> **Exercise brief**
Required from the data below: the exact lines starting at the line containing "Wicker Cat Carrier Trolley image 9" and ending at the line containing "Silicone mousse tube", with both ends kept and all pictures dropped.

> **Exercise material**
—————
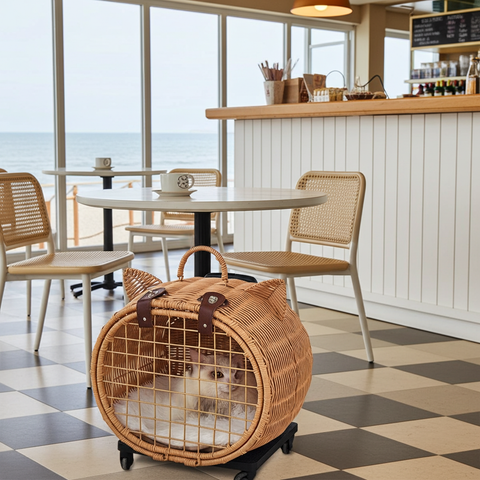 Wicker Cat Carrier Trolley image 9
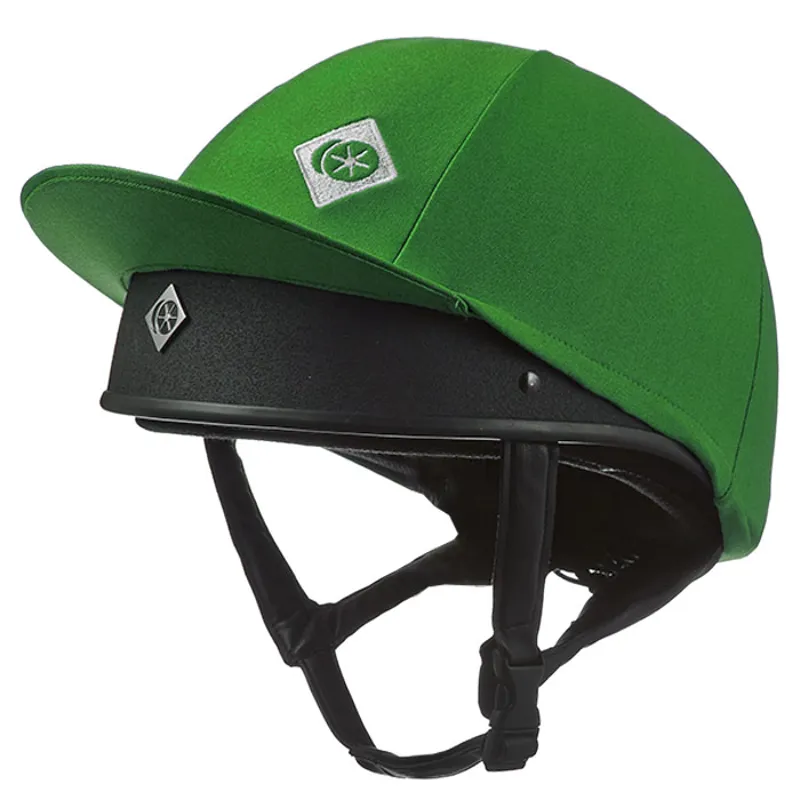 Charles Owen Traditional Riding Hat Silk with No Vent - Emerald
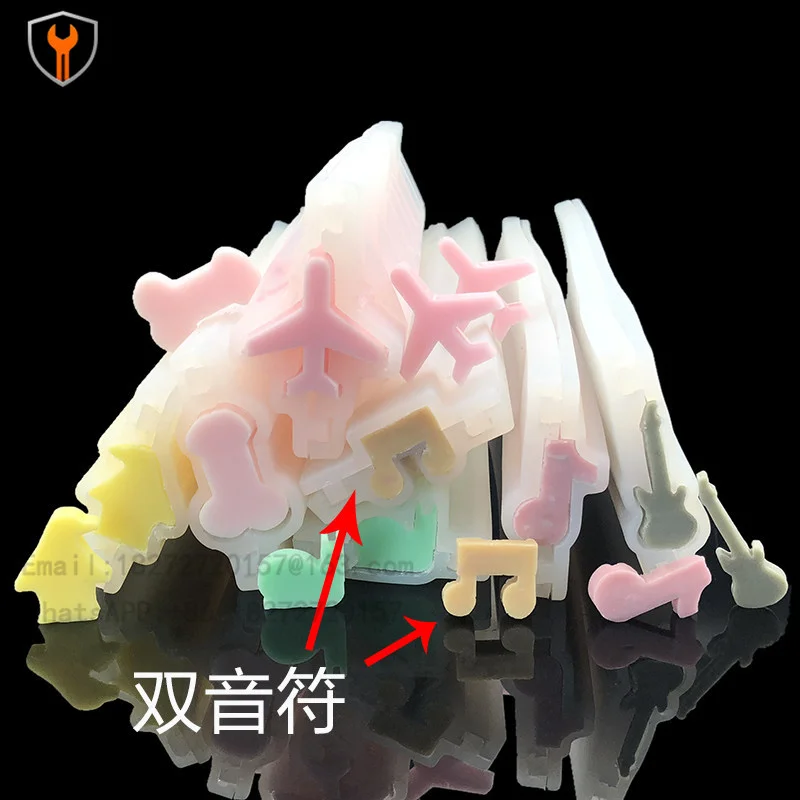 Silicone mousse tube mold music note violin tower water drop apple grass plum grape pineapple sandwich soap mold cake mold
—————
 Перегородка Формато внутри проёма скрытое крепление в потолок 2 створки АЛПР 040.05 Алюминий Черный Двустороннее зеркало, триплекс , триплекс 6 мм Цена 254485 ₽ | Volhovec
—————
> **Exercise solution**
 Wicker Cat Carrier Trolley image 9
 Charles Owen Traditional Riding Hat Silk with No Vent - Emerald
 Silicone mousse tube mold music note violin tower water drop apple grass plum grape pineapple sandwich soap mold cake mold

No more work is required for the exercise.